Since $AB = -1$, let $A = \tan \theta$, $B = \tan \phi$. Then $\tan \theta \tan \phi = -1$, so $\tan \phi = -\cot \theta = \tan (\theta + \frac{\pi}{2})$. Then $\phi = \theta + \frac{\pi}{2}$. Also $1+A^2 = \sec^2 \theta$, $1+B^2 = \sec^2 \phi$. Then $(C-B)^2 \sec^2 \theta = 20$ and $(A-C)^2 \sec^2 \phi = 21$.

$A-C = q-r$ and $C-B = p-q$ and $B-A = r-p$. Let $p+q = x_1$, $p-q = y_1$. Let $q+r = x_2$, $q-r = y_2$. Let $r+p = x_3$, $r-p = y_3$. Then $x_1 x_2 = -1$, $y_1^2(1+x_1^2) = 20$, $y_2^2(1+x_2^2) = 21$. We need to find $y_3^2(1+x_3^2)$. We have $x_1 = p+q$, $x_2 = q+r$, $x_3 = r+p$. Also $y_1 = p-q$, $y_2 = q-r$, $y_3 = r-p$. Then $x_1-x_2 = p-r = -y_3$, so $y_3 = x_2-x_1$. $x_2-x_3 = q-p = -y_1$, so $y_1 = x_3-x_2$. $x_3-x_1 = r-q = -y_2$, so $y_2 = x_1-x_3$.
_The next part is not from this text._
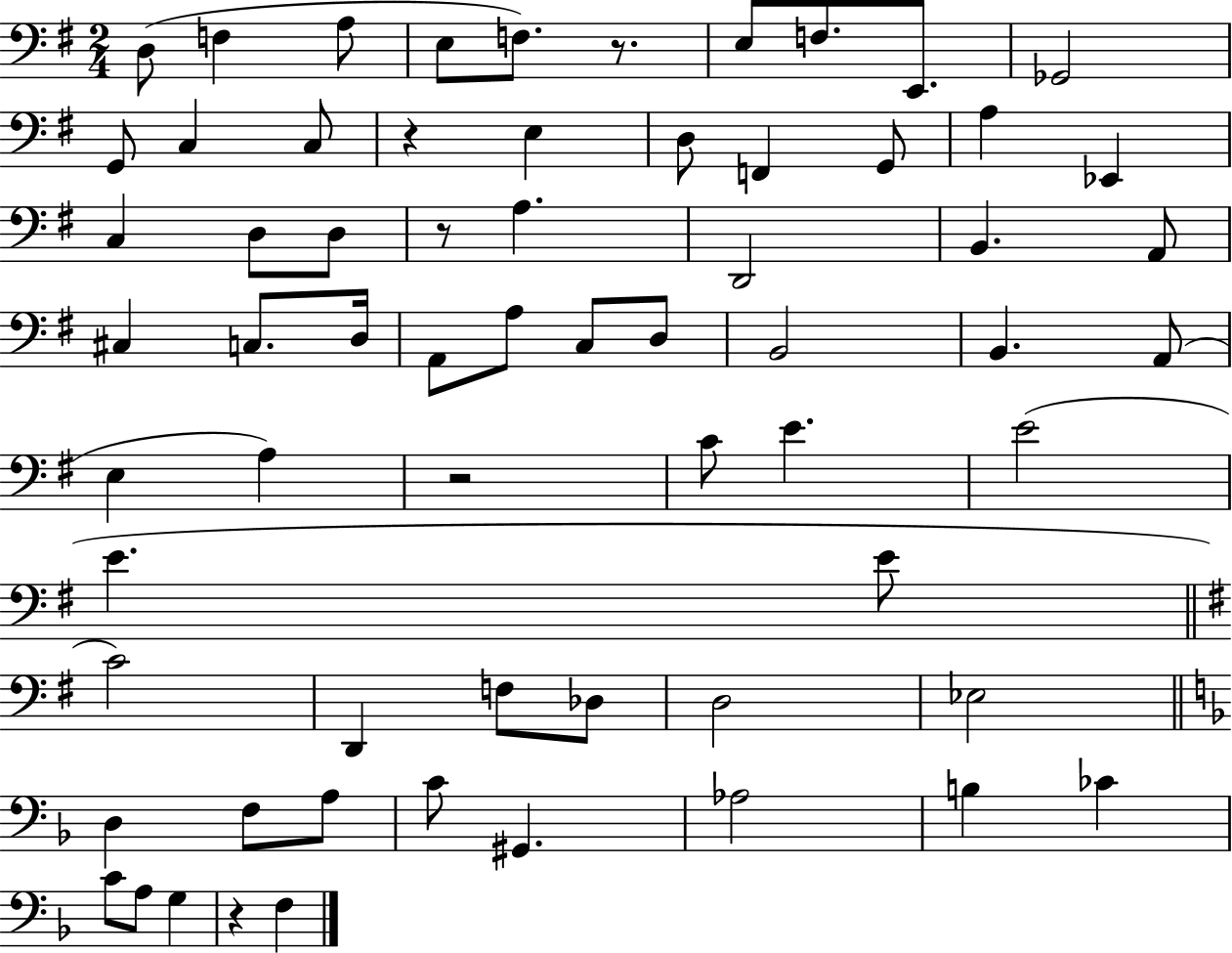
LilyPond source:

Then $x_1 x_2 = -1$, $(x_3-x_2)^2(1+x_1^2) = 20$, $(x_1-x_3)^2(1+x_2^2) = 21$. We need to find $(x_2-x_1)^2(1+x_3^2)$. Since $x_1 x_2 = -1$, $x_2 = -1/x_1$. Then $(x_3+1/x_1)^2(1+x_1^2) = 20$, $(x_1-x_3)^2(1+1/x_1^2) = 21$. Then $\frac{(x_1 x_3+1)^2}{x_1^2}(1+x_1^2) = 20$ and $\frac{(x_1-x_3)^2}{x_1^2}(1+x_1^2) = 21$. We want to find $\frac{(1+x_1^2)^2}{x_1^2}(1+x_3^2)$. Let $K = \frac{1+x_1^2}{x_1^2}$. Then $(x_1 x_3+1)^2 K = 20$ and $(x_1-x_3)^2 K = 21$. Then $(x_1 x_3+1)^2 K + (x_1-x_3)^2 K = 41$. $K [(x_1 x_3+1)^2 + (x_1-x_3)^2] = 41$. $K [x_1^2 x_3^2+2x_1 x_3+1+x_1^2-2x_1 x_3+x_3^2] = 41$. $K [x_1^2 x_3^2+1+x_1^2+x_3^2] = 41$. $K [(x_1^2+1)(x_3^2+1)] = 41$. $\frac{1+x_1^2}{x_1^2} (1+x_1^2)(1+x_3^2) = 41$. $\frac{(1+x_1^2)^2}{x_1^2} (1+x_3^2) = 41$. This is the expression we need to find. Therefore the answer is 41.